12.06.2010

Beginnings

I've been thinking a lot about beginnings lately, mainly because I've recently found myself in a situation in my personal life I didn't ever expect to be in. (On a related note, I apologize for the blog silence--and happy to be back)

The first 5 pages of your manuscript are the most important. They're what the agent/editor is going to read right after your query letter. But beginnings are something that we've all struggled with as writers.

There's nothing quite like writing the opening pages of a new project. (Except maybe finishing it!) The idea is just a seed a first, something that's lodged in your brain. You let it sit there for a while, until sure enough it starts to take root. Now you have to get it down on paper, and the words can't come fast enough. You don't know the meaning of writer's block--you just wrote your first 5 pages in as many minutes. Piece of cake.

Now the real work begins. It's one thing to have a ton of ideas, but now you have to structure them, weave them into a masterpiece. Things can happen during this process. New ideas pop up that may require rewriting entire chapters or adding entirely new story threads. Characters that were intended as supporting cast may insist on taking center stage. There are all kinds of wonderful, unexpected turns that happen during the novel-writing process.

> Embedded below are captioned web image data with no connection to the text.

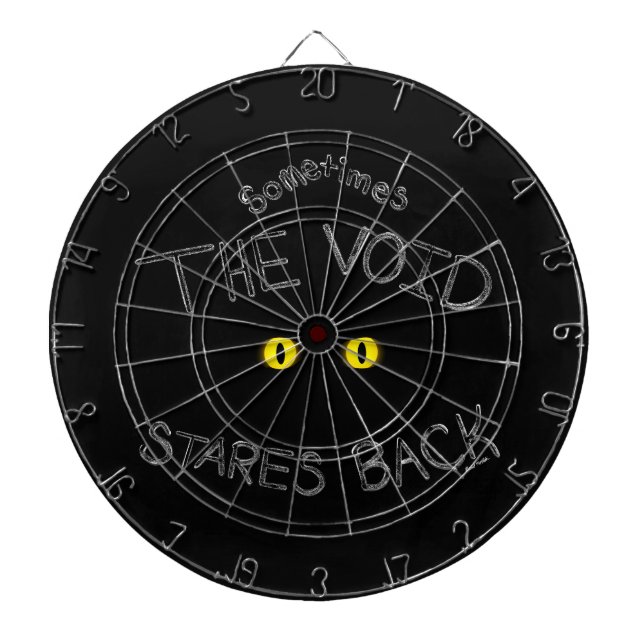 Der leere Halt zurück Dartscheibe (vorne)
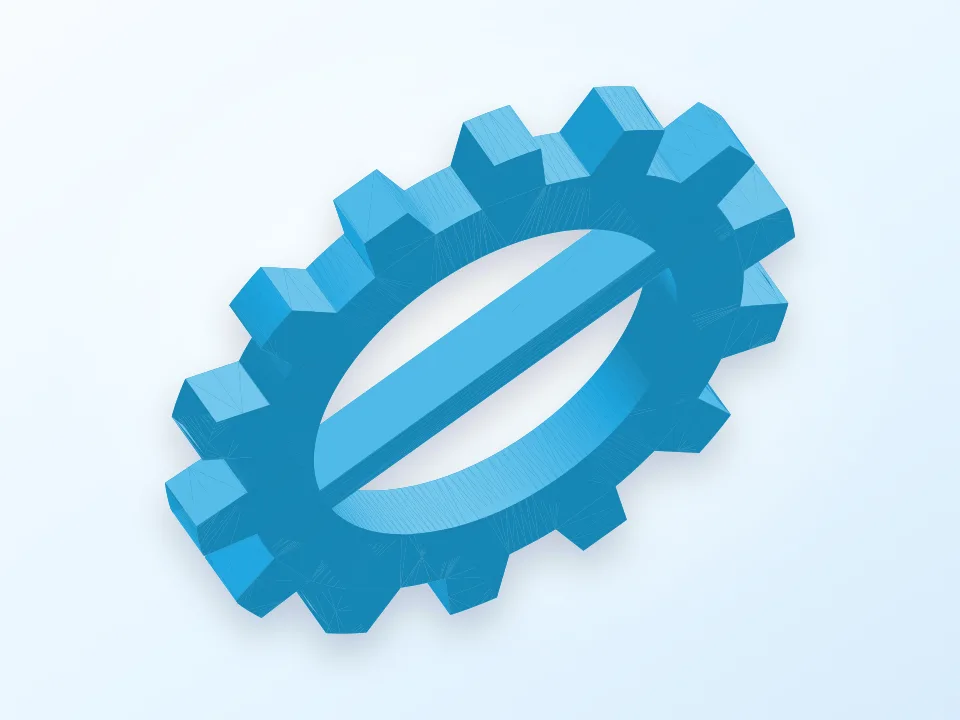 Domino Rally Curve Maker 3D model preview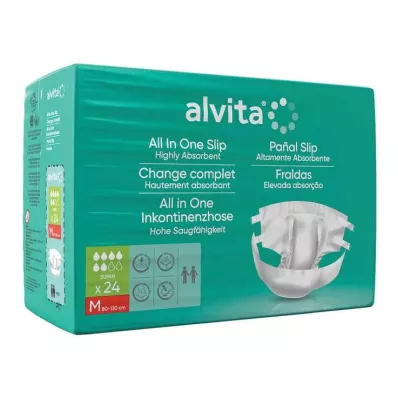 Alvita All-in-One nesaturēšanas bikses super medium day, 24gab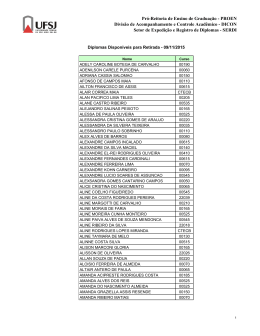 Pró-Reitoria de Ensino de Graduação - PROEN Divisão de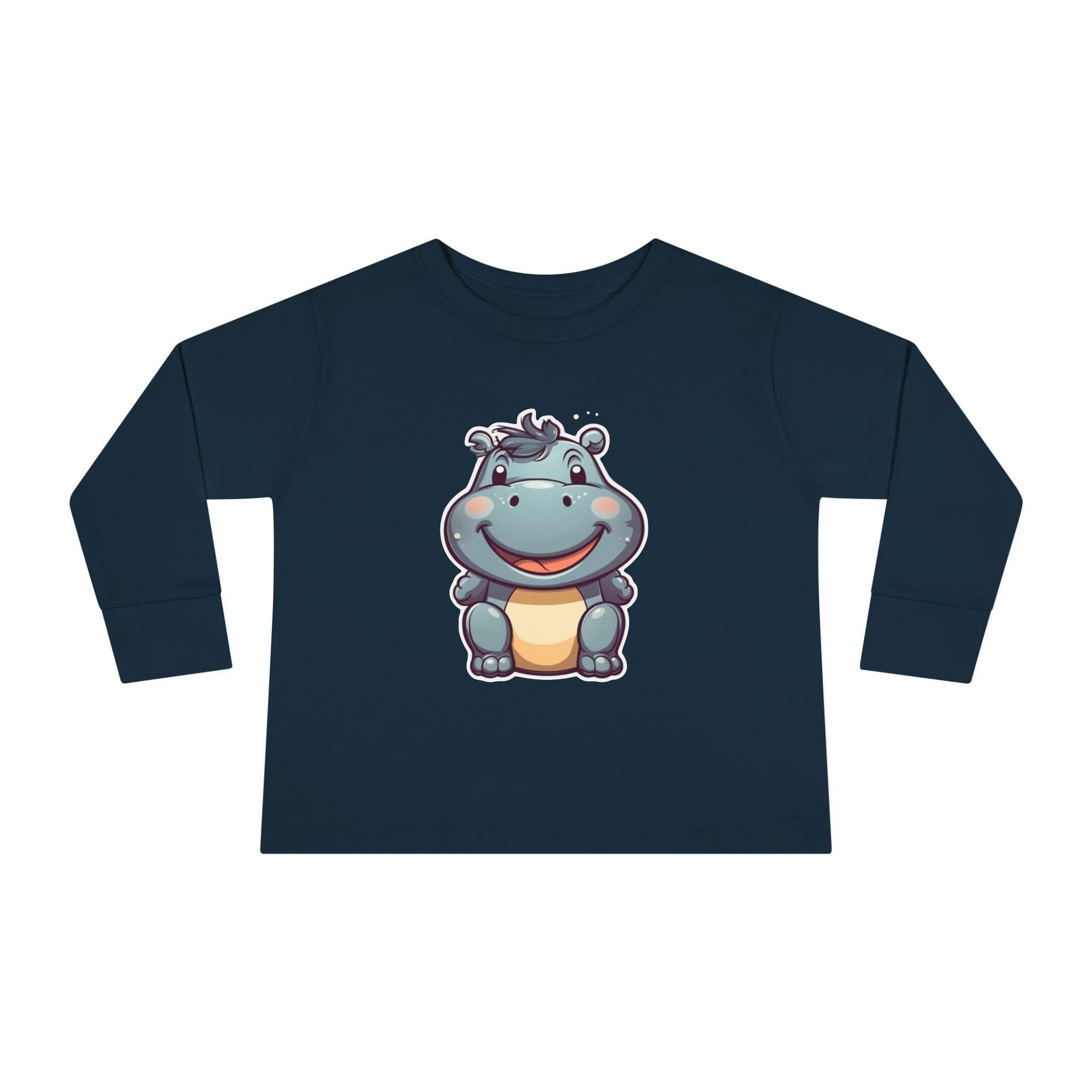 Toddler Long Sleeve Tee - Hippopotamus Calf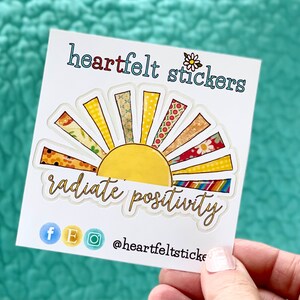 Sunshine Sign Stay close to people that feel like sunshine Mixed media sun, Sunbeams Sticker Radiate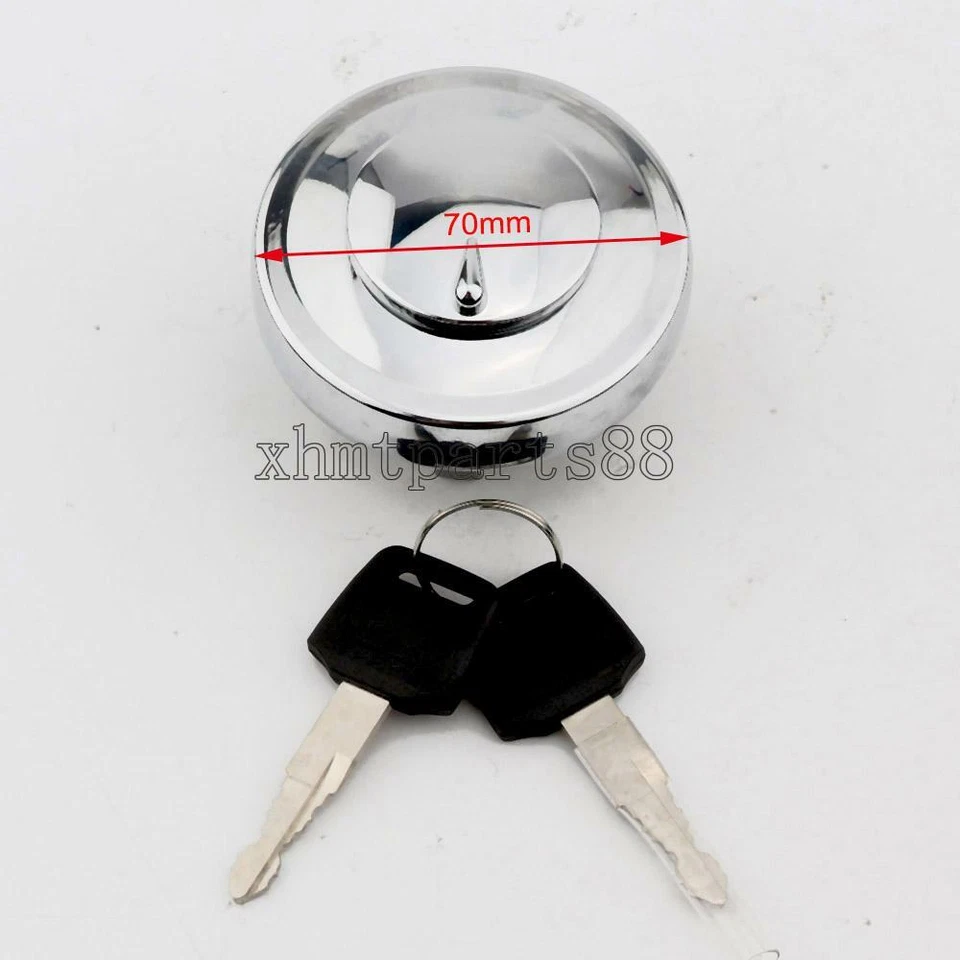 For Motorcycle Yamaha V Star V-Star 650 XVS650A Classic Fuel Tank Gas Cap Foto 2 de 4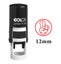FINGER DESIGN Self Inking Mini Rubber Stamp Colop Round Decorative Teachers Carousel 4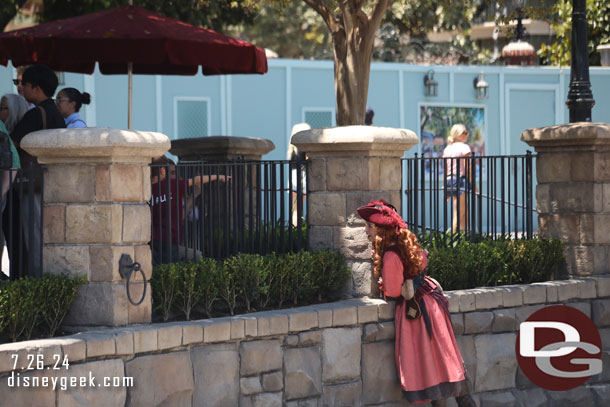 Redd was roaming around New Orleans Square. Here she is playing with some kids.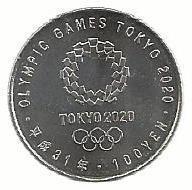 Japão - 100 Yen 2019 (Km# Novo) Surf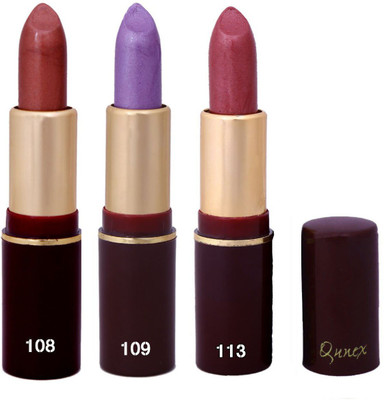 

Imported Qunex Brown,Purple,Maroon Lipsticks Combo 1806162(Multicolor,)
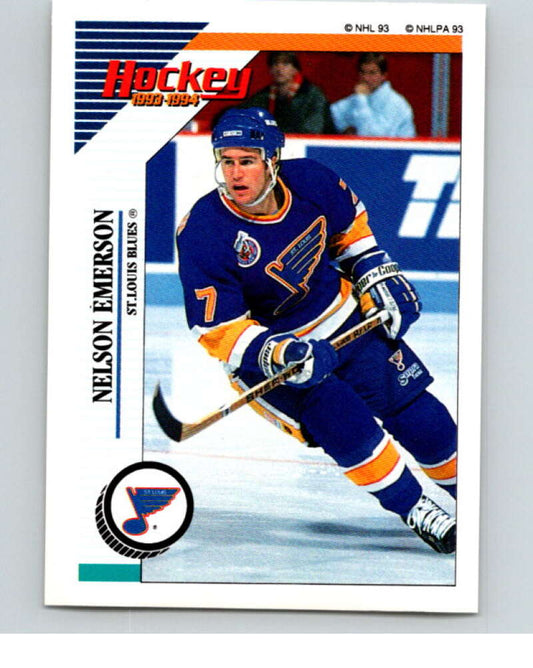 1993-94 Panini Stickers Hockey  #159 Nelson Emerson   V83645 Image 1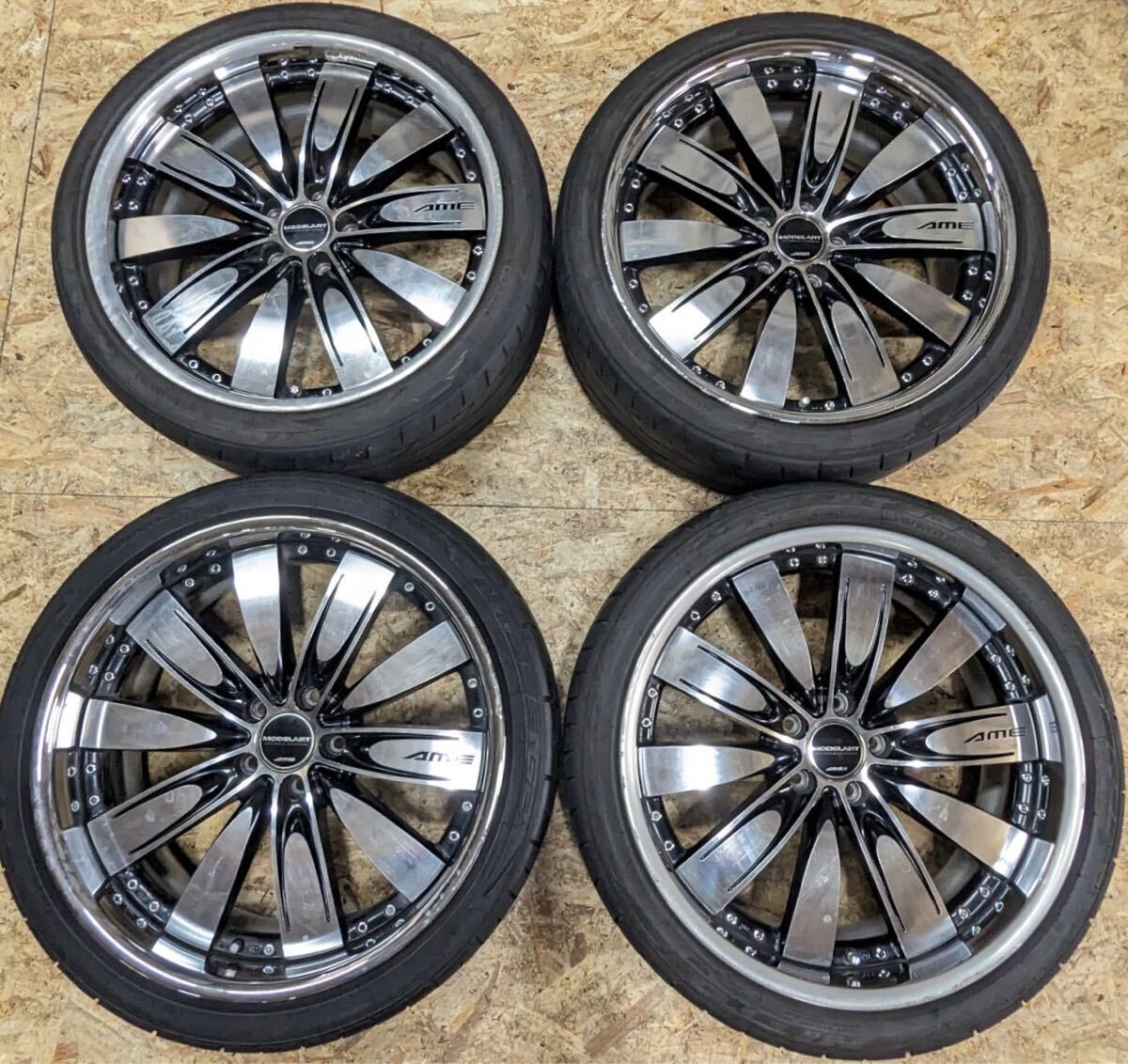 【希少!】AME MODELART モデラート 20インチ 8.5J+34 +14 PCD114.3 5穴 5H アルファード ヴェルファイア ハリアー rav4 クラウン拍卖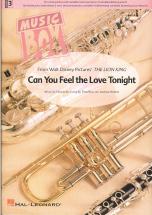 Can You Feel The Love Tonight Wind Quint Music Box Sheet Music Songbook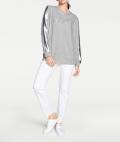 Designer-Sweatshirt grau-melange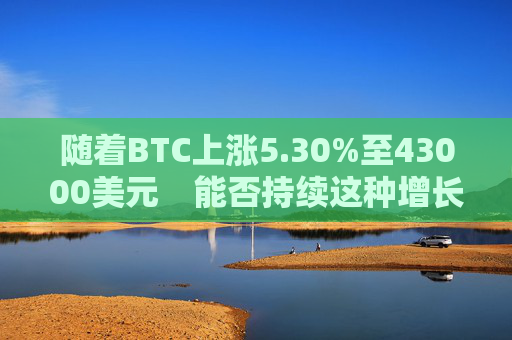 随着BTC上涨5.30%至43000美元　能否持续这种增长？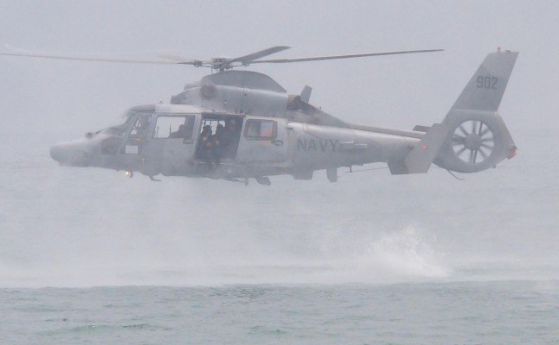 Наш военен хеликоптер падна в Черно море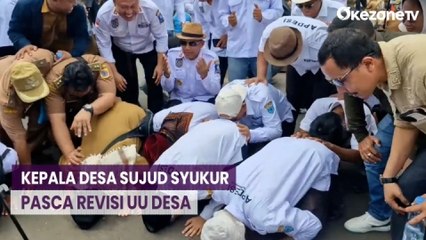 Massa Apdesi Sujud Syukur Pasca Direvisinya Undang-Undang Desa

But now you have a problem. Those first few pages that launched this whole project--the beginning you'd scribbled down so fervently months before--just doesn't seem to work anymore. The tone seems off now that you have a different ending, and doesn't the dialogue seem a little stiff now that you've had 200 pages to nail your characters' voices? 

But this was THE beginning. The one that set you on this whole crazy undertaking that is writing a novel. It was love at first "write" and you've read those words over to yourself so many times that you could probably recite it from memory. Why mess with a good thing?

Sometimes we become blind to whether something we wrote actually works, or if we are so used to seeing it on the page month after month that it never occurs to us that there may be a need for improvement. And when there are months of brainstorming, writing, rewriting, and rewriting again between page 1 and page 200, the answer is almost always that there is room for improvement. The question is whether the problems can be fixed with some mere retooling, or if we have to let go completely and start from scratch. That's when we need to take a step back and look at it with a fresh and objective eye.

And hopefully, things will become a little clearer.